The Socialist Revolutionary Workers’ Party (SRWP) is launching its election manifesto from Friday, and one of its key focus in eradicating unemployment and poverty is by nationalising the South African Reserve Bank.
Socialist Revolutionary Workers Party launches its manifesto
Since the trade union was expelled from the Congress of South African Trade Unions (Cosatu), it has gained traction as a stand-alone entity, surviving outside of the all-powerful tripartite alliance.

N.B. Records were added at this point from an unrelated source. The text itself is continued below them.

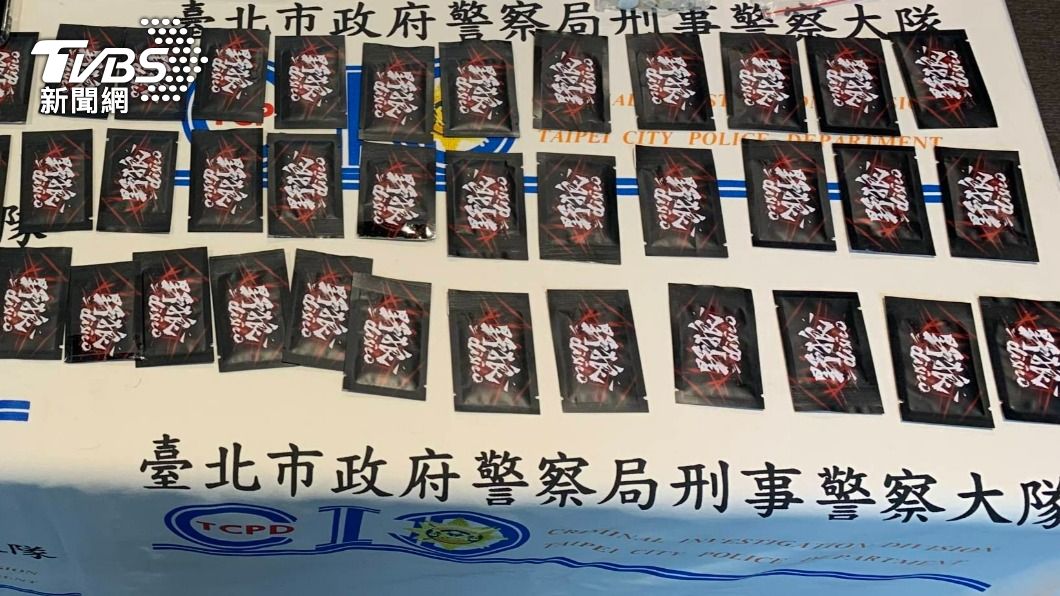 警方查獲大量毒品咖啡包。(圖/TVBS)
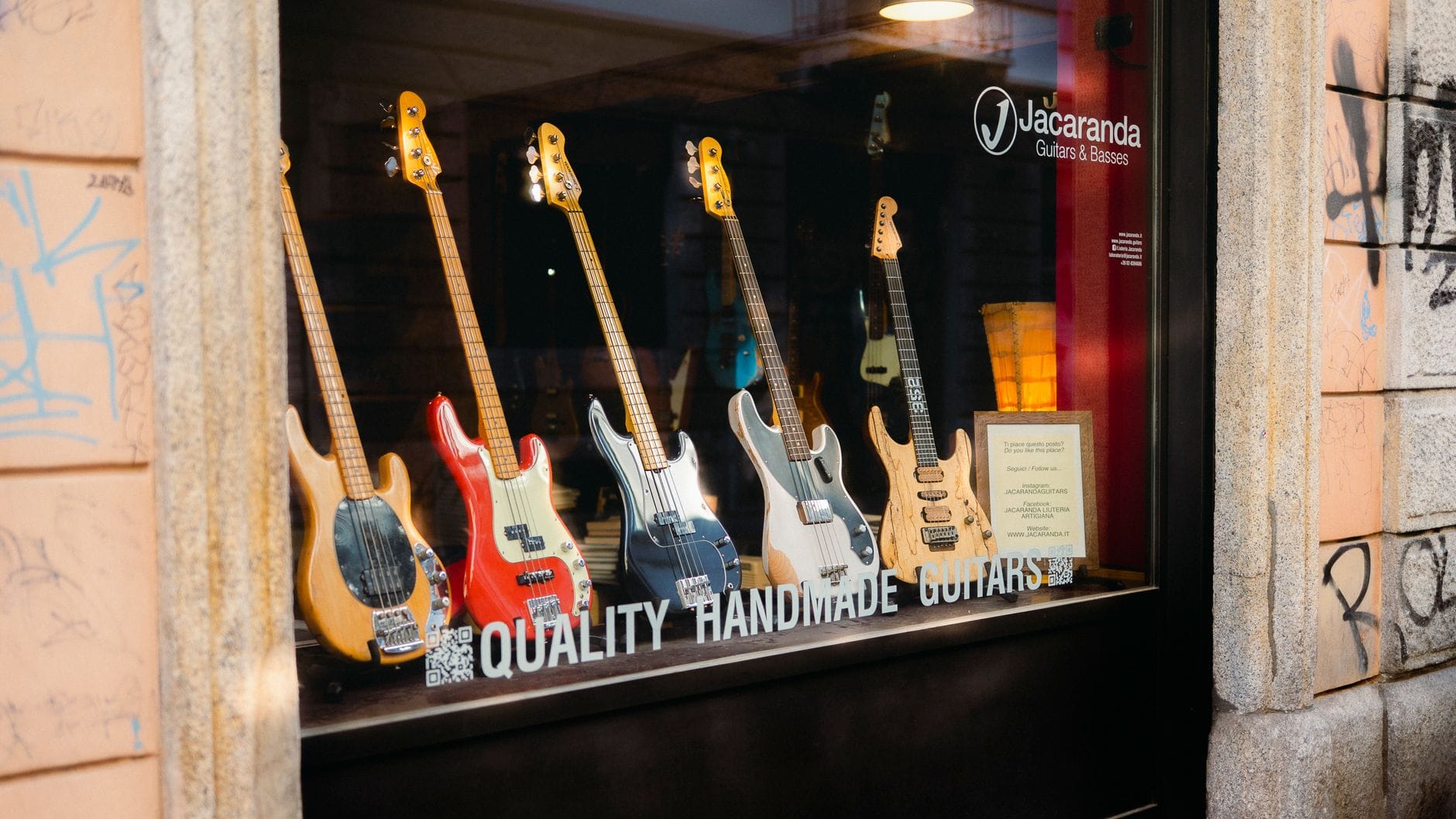 Witryna sklepu z ręcznie robionymi gitarami Jacaranda Guitars & Basses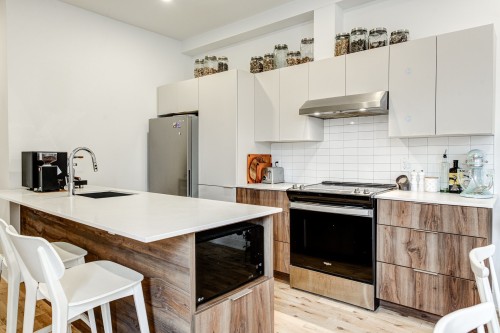 Cuisine - 4793 Rue Ste-Catherine E., Montréal (Mercier/Hochelaga-Maisonneuve), QC - Indoor Photo Showing Kitchen With Upgraded Kitchen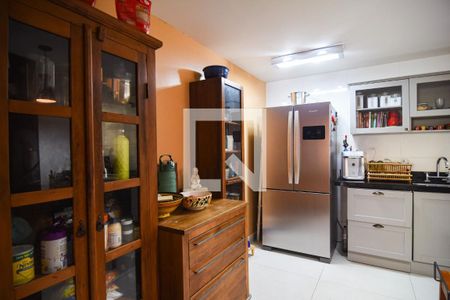 Apartamento à venda com 145m², 4 quartos e 3 vagas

The man who convenes the highest seat in the party, Irvin Jim, has been very vocal about the newly-formed party’s ambitions. According to Jim, its short-term plans include:
- winning more seats in Parliament than Julius Malema’s EFF;
- getting more unemployed South Africans in secure and good-paying jobs;
- restructuring personal income tax to be directly proportional to earnings.
- eradicating poverty and unemployment in five years or less; and
- nationalising the reserve bank.
Jim, in an attempt to drive his party’s message home, ridiculed the slogan of President Cyril Ramaphosa’s campaign, Thuma Mina.
He noted that a billionaire could not be the voice of the voiceless because he is out of touch with the people’s needs.
“A billionaire, he’s got guts to say to the working class, ‘send me’. If I were to be honest, for me, that call by Cyril Ramaphosa is extremely irritating and insulting.” he said.
Why political parties want to nationalise the reserve bank
The party believes that nationalising the central bank will be key in realising a South Africa with a high employment rate.
South Africa’s reserve bank is one of the fewest central banks, in the world, that have private shareholders.
The bank has over 261 000 shares split between more than 600 private shareholders, with Parliament only able to function in a supervisory role within the spectrum.
Many of these shares are owned by people who do not reside in South Africa, the majority shareholder being Michael Duerr, a German with a 57.5% ownership stake in the central bank.
The ANC and the EFF have always pushed for amendments to the Reserve Bank Act.
Ironically, the SRWP’s sentiment is directly synonymous with that of its counterparts, who apparently “annoy and irritate” Jim.
Alas, the newly-formed party has identified this as one of its more critical reform ideologies.
Thus, its manifesto will be rolled out with ownership of the central bank as its key message.